**Extracted records**

....

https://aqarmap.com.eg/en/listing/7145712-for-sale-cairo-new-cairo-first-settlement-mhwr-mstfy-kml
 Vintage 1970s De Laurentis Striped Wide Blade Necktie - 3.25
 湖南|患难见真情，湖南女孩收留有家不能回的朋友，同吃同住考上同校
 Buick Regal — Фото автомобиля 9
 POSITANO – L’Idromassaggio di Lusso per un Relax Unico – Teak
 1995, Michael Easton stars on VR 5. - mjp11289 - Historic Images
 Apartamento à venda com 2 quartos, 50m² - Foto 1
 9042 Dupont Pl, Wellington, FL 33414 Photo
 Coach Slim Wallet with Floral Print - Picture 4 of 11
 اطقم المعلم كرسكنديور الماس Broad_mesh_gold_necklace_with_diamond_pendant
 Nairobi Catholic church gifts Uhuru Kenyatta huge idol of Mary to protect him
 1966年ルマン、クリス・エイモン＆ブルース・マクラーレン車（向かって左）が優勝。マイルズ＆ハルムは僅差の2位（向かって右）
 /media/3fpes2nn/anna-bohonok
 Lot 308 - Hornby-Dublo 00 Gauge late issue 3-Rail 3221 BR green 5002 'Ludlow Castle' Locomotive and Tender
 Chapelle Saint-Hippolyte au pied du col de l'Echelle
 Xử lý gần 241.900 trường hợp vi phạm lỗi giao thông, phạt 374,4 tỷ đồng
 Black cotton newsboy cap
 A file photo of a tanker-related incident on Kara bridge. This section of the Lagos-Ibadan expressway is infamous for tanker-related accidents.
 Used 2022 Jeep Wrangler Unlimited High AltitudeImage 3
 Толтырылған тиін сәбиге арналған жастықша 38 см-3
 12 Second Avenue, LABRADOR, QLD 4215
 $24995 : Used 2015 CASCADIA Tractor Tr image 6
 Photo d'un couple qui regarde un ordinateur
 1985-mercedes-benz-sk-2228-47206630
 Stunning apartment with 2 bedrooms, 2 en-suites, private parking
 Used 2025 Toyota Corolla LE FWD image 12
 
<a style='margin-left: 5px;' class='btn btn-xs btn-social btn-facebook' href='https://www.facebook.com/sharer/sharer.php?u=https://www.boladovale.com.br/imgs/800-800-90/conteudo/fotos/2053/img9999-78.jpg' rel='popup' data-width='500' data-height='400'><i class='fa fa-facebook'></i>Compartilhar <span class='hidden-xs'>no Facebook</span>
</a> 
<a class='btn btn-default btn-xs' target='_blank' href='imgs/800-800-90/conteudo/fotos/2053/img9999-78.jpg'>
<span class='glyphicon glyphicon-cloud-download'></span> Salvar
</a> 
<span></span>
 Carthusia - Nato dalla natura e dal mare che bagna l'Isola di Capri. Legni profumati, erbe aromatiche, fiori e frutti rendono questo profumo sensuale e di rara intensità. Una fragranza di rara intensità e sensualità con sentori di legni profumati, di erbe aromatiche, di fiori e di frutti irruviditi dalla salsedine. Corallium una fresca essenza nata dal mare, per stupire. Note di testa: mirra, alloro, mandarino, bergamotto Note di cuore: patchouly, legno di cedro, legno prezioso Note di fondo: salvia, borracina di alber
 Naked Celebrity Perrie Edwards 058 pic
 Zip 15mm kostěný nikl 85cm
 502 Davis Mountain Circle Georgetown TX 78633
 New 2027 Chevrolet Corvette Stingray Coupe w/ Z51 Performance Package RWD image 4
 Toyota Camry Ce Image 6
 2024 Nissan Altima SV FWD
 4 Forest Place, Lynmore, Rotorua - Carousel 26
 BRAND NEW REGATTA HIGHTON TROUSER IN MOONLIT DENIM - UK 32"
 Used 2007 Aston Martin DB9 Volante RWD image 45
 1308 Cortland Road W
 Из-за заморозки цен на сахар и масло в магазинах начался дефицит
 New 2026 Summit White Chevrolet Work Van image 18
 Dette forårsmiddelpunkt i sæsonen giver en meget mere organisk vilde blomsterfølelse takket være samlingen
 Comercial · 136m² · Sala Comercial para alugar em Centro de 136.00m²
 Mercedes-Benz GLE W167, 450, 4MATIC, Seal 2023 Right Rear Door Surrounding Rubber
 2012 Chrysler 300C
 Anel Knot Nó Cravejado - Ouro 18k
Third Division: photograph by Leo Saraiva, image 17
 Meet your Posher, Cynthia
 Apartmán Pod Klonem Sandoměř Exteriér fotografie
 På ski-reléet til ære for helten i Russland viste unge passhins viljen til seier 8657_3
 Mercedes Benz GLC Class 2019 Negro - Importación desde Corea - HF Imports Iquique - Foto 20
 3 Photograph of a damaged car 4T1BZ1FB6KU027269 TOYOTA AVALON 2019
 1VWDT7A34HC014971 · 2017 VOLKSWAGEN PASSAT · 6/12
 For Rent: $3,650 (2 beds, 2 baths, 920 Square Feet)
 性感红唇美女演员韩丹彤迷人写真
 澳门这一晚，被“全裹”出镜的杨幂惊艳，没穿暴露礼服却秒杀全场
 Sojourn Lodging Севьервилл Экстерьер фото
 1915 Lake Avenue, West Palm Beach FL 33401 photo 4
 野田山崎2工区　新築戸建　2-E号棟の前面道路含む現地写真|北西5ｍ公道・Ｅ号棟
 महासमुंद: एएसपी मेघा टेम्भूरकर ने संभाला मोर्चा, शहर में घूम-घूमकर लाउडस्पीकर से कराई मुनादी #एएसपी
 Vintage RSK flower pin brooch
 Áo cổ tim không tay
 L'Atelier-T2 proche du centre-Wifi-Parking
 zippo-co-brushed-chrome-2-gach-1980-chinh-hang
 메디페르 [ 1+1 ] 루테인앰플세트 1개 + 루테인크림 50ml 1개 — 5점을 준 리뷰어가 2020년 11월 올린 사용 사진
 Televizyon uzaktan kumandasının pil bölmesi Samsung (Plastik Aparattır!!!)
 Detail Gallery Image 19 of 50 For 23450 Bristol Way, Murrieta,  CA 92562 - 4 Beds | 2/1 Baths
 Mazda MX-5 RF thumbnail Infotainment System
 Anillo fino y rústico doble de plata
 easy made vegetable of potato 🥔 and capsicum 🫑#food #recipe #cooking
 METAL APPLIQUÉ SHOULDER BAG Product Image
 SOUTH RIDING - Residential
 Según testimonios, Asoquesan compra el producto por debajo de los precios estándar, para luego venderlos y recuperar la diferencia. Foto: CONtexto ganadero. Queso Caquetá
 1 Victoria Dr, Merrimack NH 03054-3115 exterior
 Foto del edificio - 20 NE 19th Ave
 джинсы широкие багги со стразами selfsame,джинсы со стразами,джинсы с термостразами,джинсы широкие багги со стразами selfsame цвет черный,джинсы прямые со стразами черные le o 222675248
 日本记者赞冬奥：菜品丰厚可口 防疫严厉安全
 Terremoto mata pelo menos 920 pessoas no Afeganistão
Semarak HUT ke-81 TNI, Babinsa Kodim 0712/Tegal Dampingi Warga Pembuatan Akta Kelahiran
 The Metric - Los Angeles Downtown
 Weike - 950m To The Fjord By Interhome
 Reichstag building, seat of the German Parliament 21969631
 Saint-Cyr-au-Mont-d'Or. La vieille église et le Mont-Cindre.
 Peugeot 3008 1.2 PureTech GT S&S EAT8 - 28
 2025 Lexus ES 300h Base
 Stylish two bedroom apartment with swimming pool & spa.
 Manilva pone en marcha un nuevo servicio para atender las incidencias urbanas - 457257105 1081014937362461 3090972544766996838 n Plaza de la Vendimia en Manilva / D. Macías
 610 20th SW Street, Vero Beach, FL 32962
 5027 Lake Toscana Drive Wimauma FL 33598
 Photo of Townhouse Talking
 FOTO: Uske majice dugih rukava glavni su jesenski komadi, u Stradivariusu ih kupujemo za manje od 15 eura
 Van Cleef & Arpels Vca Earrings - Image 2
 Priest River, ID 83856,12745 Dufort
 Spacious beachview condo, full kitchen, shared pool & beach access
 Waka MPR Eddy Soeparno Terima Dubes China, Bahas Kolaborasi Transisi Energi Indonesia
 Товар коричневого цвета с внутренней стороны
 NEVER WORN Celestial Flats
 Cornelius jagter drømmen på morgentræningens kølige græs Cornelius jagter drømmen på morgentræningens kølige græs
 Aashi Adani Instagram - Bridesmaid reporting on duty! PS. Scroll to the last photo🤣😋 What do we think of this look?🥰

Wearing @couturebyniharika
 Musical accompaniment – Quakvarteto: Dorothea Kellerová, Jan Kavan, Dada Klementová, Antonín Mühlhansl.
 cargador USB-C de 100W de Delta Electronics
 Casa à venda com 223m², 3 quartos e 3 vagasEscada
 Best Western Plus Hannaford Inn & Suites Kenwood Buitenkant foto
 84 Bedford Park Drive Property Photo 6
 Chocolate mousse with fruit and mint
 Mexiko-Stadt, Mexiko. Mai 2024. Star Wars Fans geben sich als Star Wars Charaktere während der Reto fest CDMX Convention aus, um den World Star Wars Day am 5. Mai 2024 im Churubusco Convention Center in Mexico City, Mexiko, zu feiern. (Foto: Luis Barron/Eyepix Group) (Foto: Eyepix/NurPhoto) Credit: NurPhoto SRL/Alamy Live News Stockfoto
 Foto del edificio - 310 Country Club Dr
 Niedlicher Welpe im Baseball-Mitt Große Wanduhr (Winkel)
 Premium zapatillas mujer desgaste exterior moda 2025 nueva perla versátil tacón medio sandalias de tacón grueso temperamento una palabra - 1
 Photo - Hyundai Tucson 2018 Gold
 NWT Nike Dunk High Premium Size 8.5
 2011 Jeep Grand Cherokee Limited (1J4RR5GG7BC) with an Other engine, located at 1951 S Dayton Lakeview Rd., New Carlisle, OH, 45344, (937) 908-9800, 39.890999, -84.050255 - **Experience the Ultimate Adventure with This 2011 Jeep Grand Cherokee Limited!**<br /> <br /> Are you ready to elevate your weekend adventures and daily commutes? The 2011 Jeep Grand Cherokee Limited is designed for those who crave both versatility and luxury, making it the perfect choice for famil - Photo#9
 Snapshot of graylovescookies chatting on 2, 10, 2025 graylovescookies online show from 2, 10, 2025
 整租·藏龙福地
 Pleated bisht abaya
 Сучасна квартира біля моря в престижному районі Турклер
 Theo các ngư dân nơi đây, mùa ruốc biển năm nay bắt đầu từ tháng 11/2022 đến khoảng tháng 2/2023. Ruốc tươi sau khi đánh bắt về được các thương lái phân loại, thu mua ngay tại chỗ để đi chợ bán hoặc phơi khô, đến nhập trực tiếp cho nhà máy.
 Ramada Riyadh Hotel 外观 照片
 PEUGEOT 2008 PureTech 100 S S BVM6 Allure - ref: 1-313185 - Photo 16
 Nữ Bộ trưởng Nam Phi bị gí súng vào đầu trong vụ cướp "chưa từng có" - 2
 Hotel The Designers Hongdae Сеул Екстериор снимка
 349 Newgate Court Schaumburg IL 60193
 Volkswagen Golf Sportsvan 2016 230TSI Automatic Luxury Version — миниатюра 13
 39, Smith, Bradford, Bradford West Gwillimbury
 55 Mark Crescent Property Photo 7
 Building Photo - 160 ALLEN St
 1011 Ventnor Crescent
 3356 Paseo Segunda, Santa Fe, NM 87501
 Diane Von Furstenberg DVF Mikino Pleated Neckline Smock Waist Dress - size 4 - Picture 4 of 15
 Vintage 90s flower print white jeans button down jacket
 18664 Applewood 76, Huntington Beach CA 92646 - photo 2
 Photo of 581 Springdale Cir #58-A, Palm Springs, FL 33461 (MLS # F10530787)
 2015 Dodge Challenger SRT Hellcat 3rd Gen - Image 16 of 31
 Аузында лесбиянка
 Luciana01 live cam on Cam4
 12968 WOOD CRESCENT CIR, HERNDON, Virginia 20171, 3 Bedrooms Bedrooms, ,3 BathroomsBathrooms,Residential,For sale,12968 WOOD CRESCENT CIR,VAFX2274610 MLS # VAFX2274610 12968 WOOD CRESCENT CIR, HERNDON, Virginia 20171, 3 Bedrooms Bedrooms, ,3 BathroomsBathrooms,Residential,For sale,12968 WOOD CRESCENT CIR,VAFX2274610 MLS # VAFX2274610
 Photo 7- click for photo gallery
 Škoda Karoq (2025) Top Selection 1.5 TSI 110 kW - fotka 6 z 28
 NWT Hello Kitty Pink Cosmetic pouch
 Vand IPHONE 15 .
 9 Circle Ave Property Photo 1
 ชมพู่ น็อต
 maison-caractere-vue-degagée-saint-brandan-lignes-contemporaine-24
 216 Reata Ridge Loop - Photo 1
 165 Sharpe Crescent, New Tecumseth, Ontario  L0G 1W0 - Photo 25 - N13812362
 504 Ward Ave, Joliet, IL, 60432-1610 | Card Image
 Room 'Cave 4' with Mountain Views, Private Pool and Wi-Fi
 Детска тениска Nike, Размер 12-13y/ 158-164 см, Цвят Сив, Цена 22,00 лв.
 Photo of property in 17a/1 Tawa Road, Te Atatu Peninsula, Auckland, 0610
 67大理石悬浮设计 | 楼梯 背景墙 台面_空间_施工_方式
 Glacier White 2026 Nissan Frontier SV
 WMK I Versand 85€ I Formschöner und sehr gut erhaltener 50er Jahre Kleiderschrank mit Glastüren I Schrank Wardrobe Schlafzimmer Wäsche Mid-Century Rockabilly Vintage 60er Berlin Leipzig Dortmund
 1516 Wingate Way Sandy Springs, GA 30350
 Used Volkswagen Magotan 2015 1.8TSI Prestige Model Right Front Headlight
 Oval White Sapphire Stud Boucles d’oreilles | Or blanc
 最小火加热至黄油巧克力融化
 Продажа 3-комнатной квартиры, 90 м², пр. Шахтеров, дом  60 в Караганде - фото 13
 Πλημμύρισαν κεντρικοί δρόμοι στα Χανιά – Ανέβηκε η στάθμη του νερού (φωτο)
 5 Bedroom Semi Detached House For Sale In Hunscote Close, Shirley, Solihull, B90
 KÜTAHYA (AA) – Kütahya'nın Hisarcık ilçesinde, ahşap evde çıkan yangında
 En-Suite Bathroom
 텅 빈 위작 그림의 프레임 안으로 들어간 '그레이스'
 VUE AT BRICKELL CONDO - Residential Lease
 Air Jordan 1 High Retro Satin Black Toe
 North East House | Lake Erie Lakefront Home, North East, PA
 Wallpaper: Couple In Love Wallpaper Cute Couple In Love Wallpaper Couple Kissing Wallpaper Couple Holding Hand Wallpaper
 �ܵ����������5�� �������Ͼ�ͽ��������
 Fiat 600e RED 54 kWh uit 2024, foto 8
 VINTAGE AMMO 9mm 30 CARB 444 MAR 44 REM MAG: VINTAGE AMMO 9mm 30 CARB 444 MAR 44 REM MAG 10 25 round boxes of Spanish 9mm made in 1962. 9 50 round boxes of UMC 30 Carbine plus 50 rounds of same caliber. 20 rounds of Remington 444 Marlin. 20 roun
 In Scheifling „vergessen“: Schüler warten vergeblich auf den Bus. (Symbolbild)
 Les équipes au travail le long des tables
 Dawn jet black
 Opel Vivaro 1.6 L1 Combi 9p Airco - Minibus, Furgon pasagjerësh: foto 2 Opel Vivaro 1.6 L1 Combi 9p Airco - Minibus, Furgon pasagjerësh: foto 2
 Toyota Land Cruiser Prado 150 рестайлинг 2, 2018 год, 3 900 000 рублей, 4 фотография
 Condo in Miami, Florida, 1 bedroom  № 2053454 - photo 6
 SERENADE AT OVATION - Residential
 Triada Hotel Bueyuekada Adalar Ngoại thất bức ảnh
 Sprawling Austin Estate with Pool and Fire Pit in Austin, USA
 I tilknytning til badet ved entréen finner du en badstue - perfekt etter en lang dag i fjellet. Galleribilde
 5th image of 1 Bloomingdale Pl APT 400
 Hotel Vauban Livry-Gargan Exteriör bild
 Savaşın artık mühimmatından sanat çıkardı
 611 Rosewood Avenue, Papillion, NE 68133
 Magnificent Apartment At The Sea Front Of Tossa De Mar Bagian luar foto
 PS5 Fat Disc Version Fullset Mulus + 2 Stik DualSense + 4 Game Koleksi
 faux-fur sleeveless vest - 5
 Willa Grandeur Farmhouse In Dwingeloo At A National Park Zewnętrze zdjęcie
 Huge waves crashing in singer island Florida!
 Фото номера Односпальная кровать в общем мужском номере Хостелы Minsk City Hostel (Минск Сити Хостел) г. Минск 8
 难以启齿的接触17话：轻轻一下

....

Find where "Willa Grandeur Farmhouse" occurs in the data, and please write out that line through the last line exactly, with nothing else.

**Result**
 Willa Grandeur Farmhouse In Dwingeloo At A National Park Zewnętrze zdjęcie
 Huge waves crashing in singer island Florida!
 Фото номера Односпальная кровать в общем мужском номере Хостелы Minsk City Hostel (Минск Сити Хостел) г. Минск 8
 难以启齿的接触17话：轻轻一下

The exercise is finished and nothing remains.